Meeste werkgevers gebruiken liever andere kanalen

De belangrijkste reden is echter dat de meeste werkgevers de voorkeur geven aan andere kanalen, zoals uitzendbureaus. Zo blijkt uit een inspectieonderzoek dat de veelal kleine en middelgrote werkgevers in de scheepsbouw en -reparatie voornamelijk werven via intermediairs of binnen de eigen sector. Dat is toch niet zo erg, zou je zeggen. Veel gemeenten en UWV-vestigingen schrijven werkzoekenden met een uitkering voor om zich ook in te schrijven bij een uitzendbureau. De werkgever komt dan via het uitzendbureau uiteindelijk toch ook in contact met een klant van de gemeente of UWV?

Voor de groep die redelijk makkelijk te plaatsen is, gaat deze redenering inderdaad op. De uitzendbureaus weten de weg naar werkgevers te vinden, en om die reden kiezen UWV en gemeenten steeds vaker voor samenwerking met de uitzendbranche in PPS-constructies. Maar bij uitzendbureaus zijn ook werkzoekenden ingeschreven die geen uitkering hebben en dichter bij de arbeidsmarkt staan. Ook hebben uitzendbureaus een ander belang dan gemeenten en UWV.

Zonder extra inspanningen van gemeenten en UWV leidt de samenwerking met uitzendorganisaties en werkgevers tot afroming van het werkzoekendenbestand en komt de groep werkzoekenden met een grote afstand tot de arbeidsmarkt onvoldoende bij werkgevers in beeld.
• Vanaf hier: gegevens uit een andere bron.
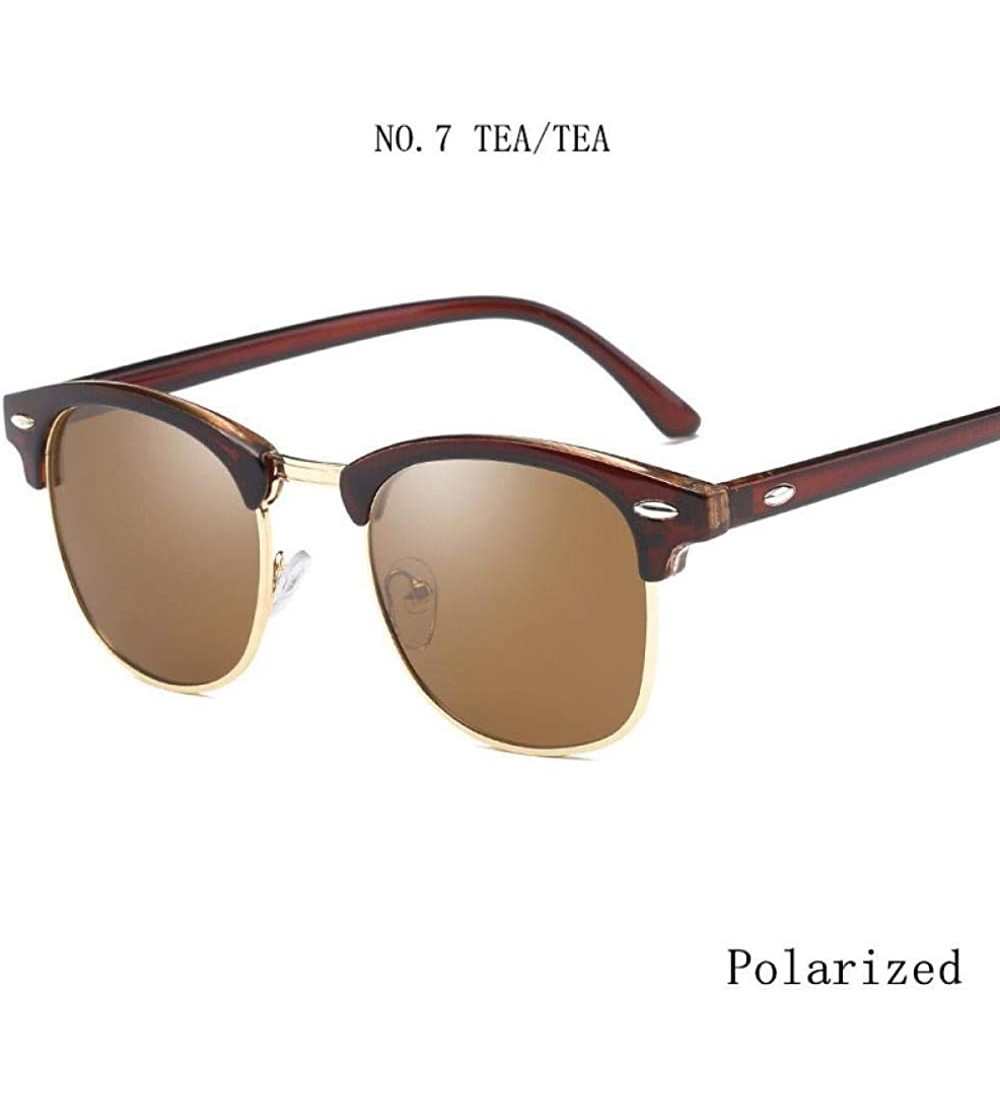 Rimless 2019 New Fashion Semi Rimless Polarized Sunglasses Men Women Brand Designer A2 - C7 - C718XAI0ASG $18.06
Dit is niet goed voor werkzoekenden en werkgevers, en staat haaks op de breed gedragen ambitie van een inclusieve samenleving. Hier liggen voor gemeenten en UWV volop mogelijkheden om toegevoegde waarde te bieden.

Werkgevers hebben ‘beelden’, maar ook negatieve ervaringen

Wat het niet gemakkelijker maakt, is dat werkgevers die wel op de hoogte zijn van de beschikbare dienstverlening van UWV en gemeenten over het algemeen weinig vertrouwen hebben in de geschiktheid van uitkeringsgerechtigden en in de kwaliteit van de dienstverlening. UWV en gemeenten zouden geen geschikte kandidaten selecteren om aan de vraag van de werkgever te voldoen (‘je merkt gewoon dat mensen die beschikbaar zijn niet matchen met wat wij vragen’). Klopt dit beeld?
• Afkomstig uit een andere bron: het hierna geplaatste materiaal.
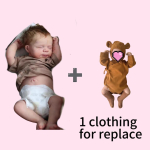 50cm Reborn t&uuml;drukust beebi pehme k&otilde;va silikoonist elutruu nukk vasts&uuml;ndinud beebi nukk kingitus baby girl+1 replaced clothing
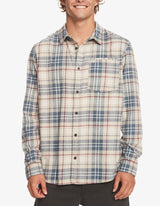 Quiksilver Mens Banchor Woven Long Sleeve Flannel Shirt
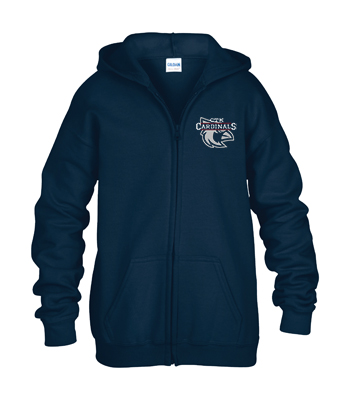 Youth Full Zip Hooded Sweatshirt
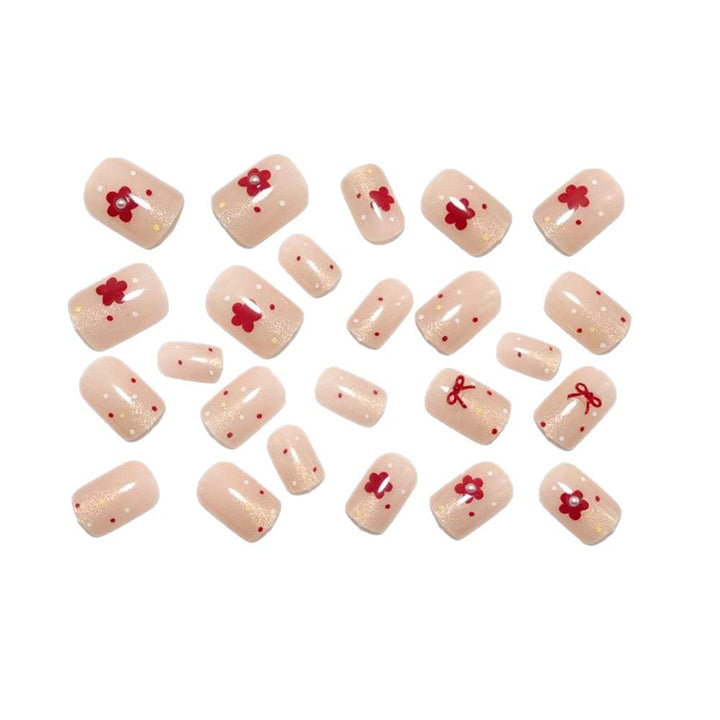 Festive artificial nails with delicate Christmas motifs Kalsten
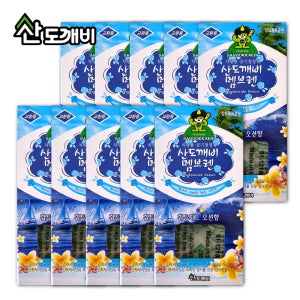 산도깨비 멤브렌 차량용 방향제 피톤치드 오션향, 6g, 10개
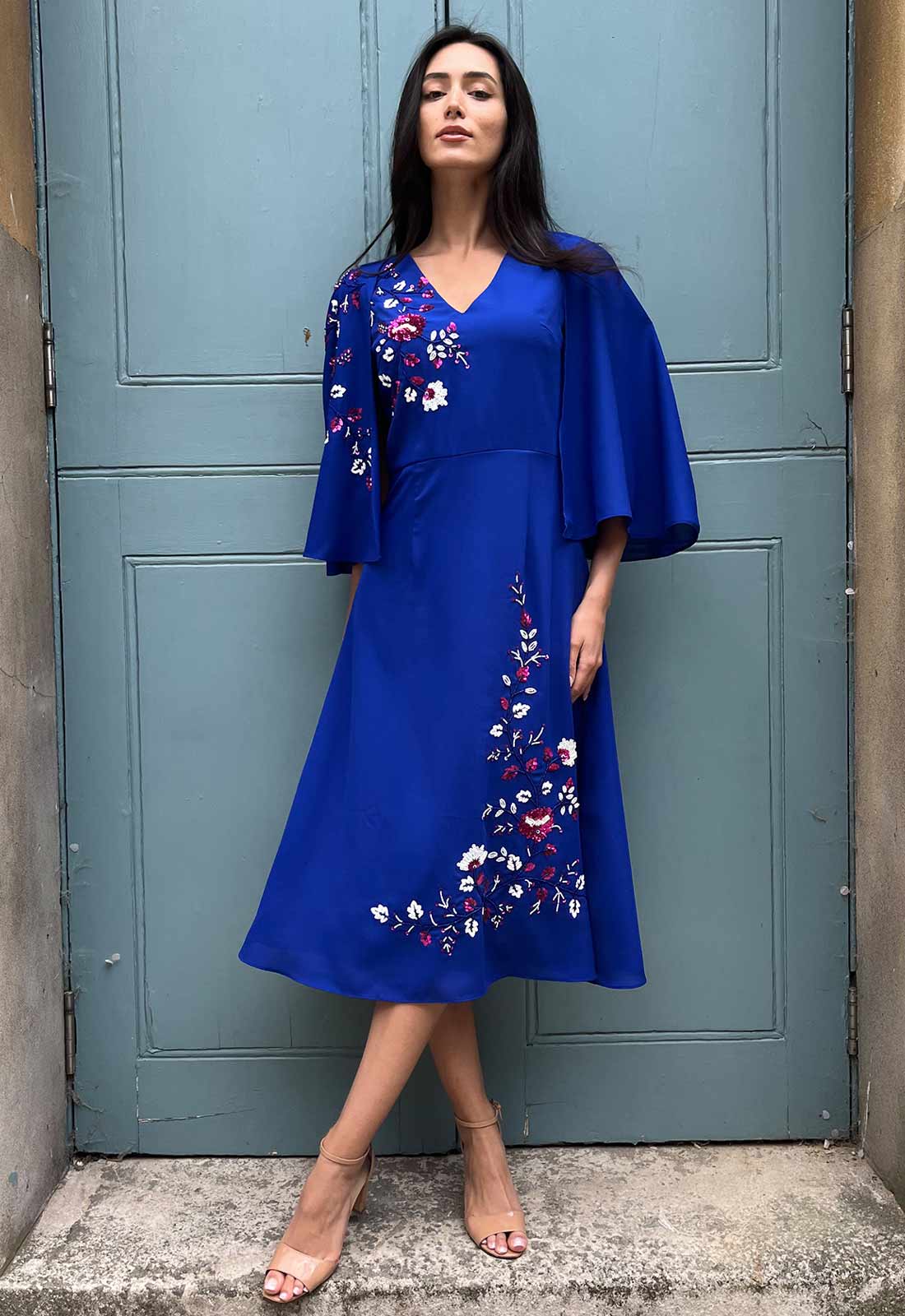 Raishma Couture Blue India Dress-120130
Werkgevers hebben een punt. Bij het zoeken naar geschikte kandidaten voor een vacature hebben UWV en gemeenten het nu eenmaal te doen met de werkzoekenden die zij in hun bestanden hebben. Daar zitten, zeker in vergelijking met uitzendbureaus, veel mensen tussen met een grote afstand tot de arbeidsmarkt die niet zelden de door de werkgever gewenste kwalificaties missen.
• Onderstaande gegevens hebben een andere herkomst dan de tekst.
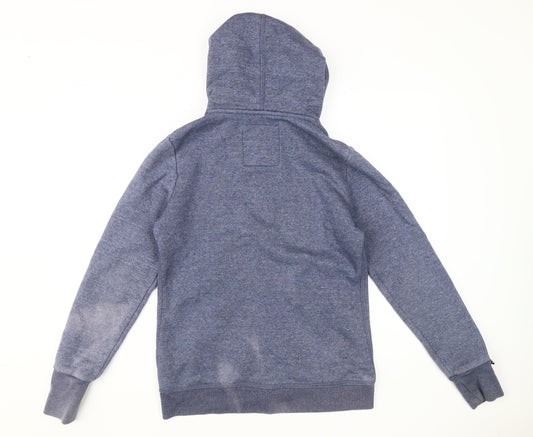 Superdry Women's Blue Full Zip Hoodie, Size M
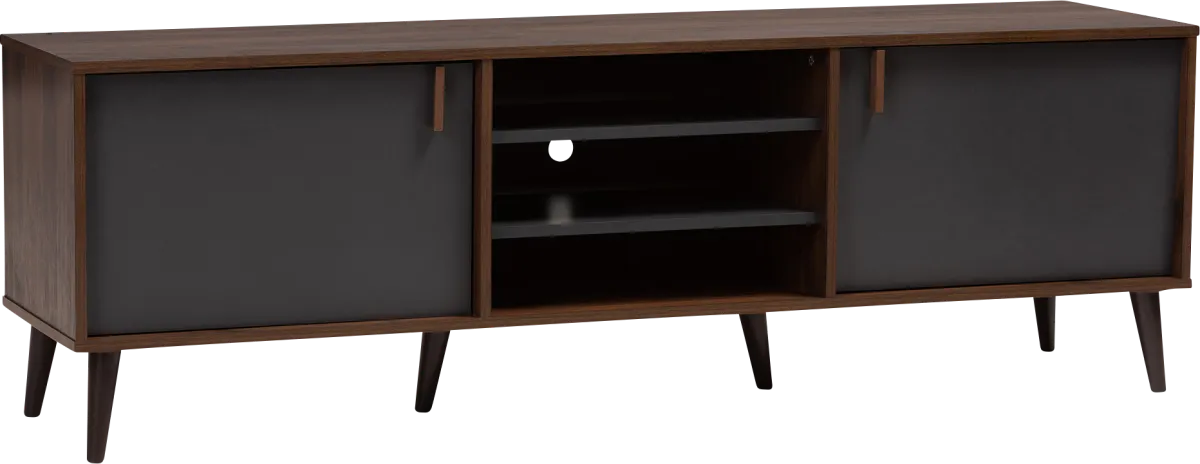 Benaki Brown Dark Wood Console | Rooms to Go
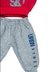 Conjunto Blusão Longo Calça Vermelho Menino Passagem Secreta - comprar online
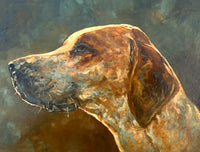 Superb Vintage C20th Oil on Board Study of a Hound - Jameson SOLD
Toch is dit kwalitatieve verschil tussen vraag en aanbod niet de enige reden waarom de aansluiting niet soepel verloopt. In de sectoren asbestverwijdering en scheepsbouw en -reparatie bijvoorbeeld, blijkt vooral sprake van een hardnekkige overtuiging dat vraag en aanbod lastig op elkaar zijn af te stemmen. Deze overtuiging blijkt niet alleen te leven bij de werkgevers in deze sectoren, maar ook bij UWV en gemeenten. In deze sectoren zien beide partijen daardoor weinig belang om toenadering tot elkaar te zoeken. In de asbestverwijdering speelt mee dat klantmanagers van gemeenten hun clienten niet bloot willen stellen aan kortdurende arbeidsovereenkomsten. Ook zijn werkgevers terughoudend omdat zij denken dat UWV en gemeenten te weinig middelen hebben om in de benodigde (kortdurende) opleidingen te investeren. Het resultaat is dat aanwezige mogelijkheden voor deze groep niet worden benut.

Behalve ‘beelden’ bestaan op landelijke schaal ook negatieve ervaringen die ervoor zorgen dat werkgevers hun toevlucht nemen tot uitzendbureaus. Uitzendbureaus werken vanuit de vraag van de werkgever en zijn in de regel veel toegankelijker; werkgevers weten bij wie ze moeten zijn en krijgen snel flexibel inzetbare kandidaten aangeleverd, precies wat ze willen dus. Bij gemeenten en UWV is vaak geen duidelijk aanspreekpunt en duurt het langer voordat geschikte kandidaten worden geleverd, als deze al worden gevonden (‘Ik heb bij de gemeente drie contactpersonen gehad in drie, vier maanden tijd’….. ‘ik heb wel een aantal keer contact gezocht, maar krijg steeds nul op het rekest. Daar ga ik dan geen tijd meer aan besteden, we zoeken het zelf wel uit’). De selectie van kandidaten blijkt een belangrijk kritiekpunt van werkgevers. Wat zij zeggen te missen is daadkracht, professionaliteit en de werkelijke wil om serieus, duurzaam samen te werken.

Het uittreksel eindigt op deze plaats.